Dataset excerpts

______________________________

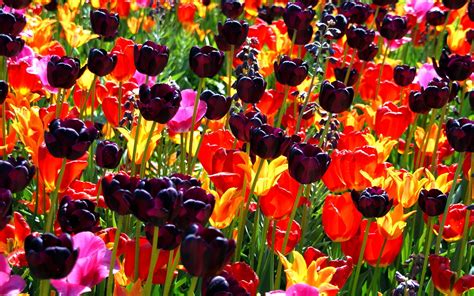 Colorful Flower Field Hd Desktop Wallpapers 4k Hd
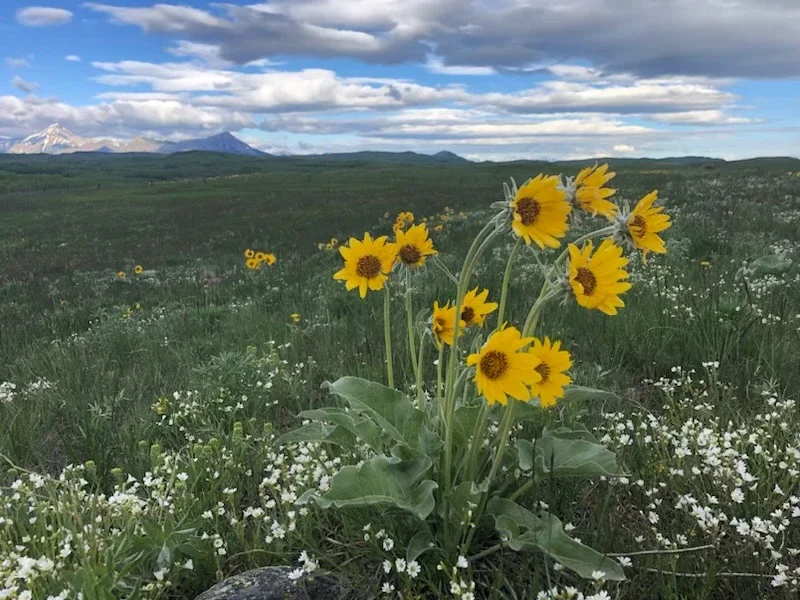 Cluster of yellow alpine sunflowers surrounded by white wildflowers in a mountain meadow.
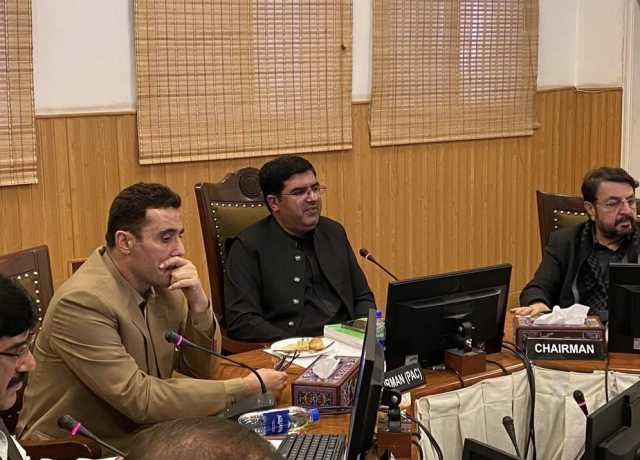 کوئٹہ، پبلک اکاؤنٹس کمیٹی کا اجلاس، لیویز آڈٹ رپورٹ کا جائزہ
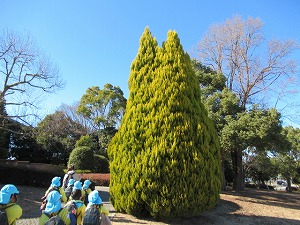IMG_0426 IMG_0426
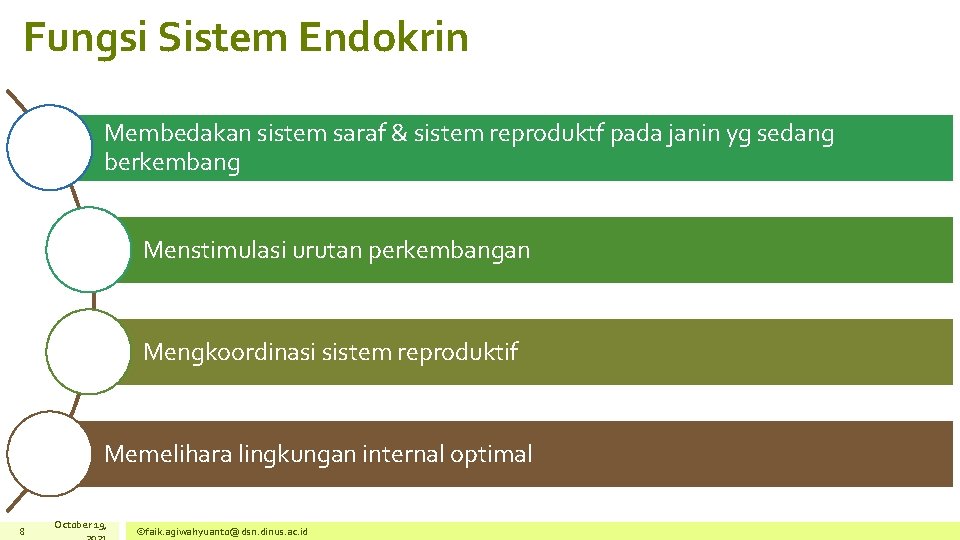 Fungsi Sistem Endokrin Membedakan sistem saraf & sistem reproduktf pada janin yg sedang berkembang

______________________________

Work task: A word-for-word transcript of the entries above is needed, with pictures removed.

Answer for this exercise:
 Colorful Flower Field Hd Desktop Wallpapers 4k Hd
 Cluster of yellow alpine sunflowers surrounded by white wildflowers in a mountain meadow.
 کوئٹہ، پبلک اکاؤنٹس کمیٹی کا اجلاس، لیویز آڈٹ رپورٹ کا جائزہ
IMG_0426 IMG_0426
 Fungsi Sistem Endokrin Membedakan sistem saraf & sistem reproduktf pada janin yg sedang berkembang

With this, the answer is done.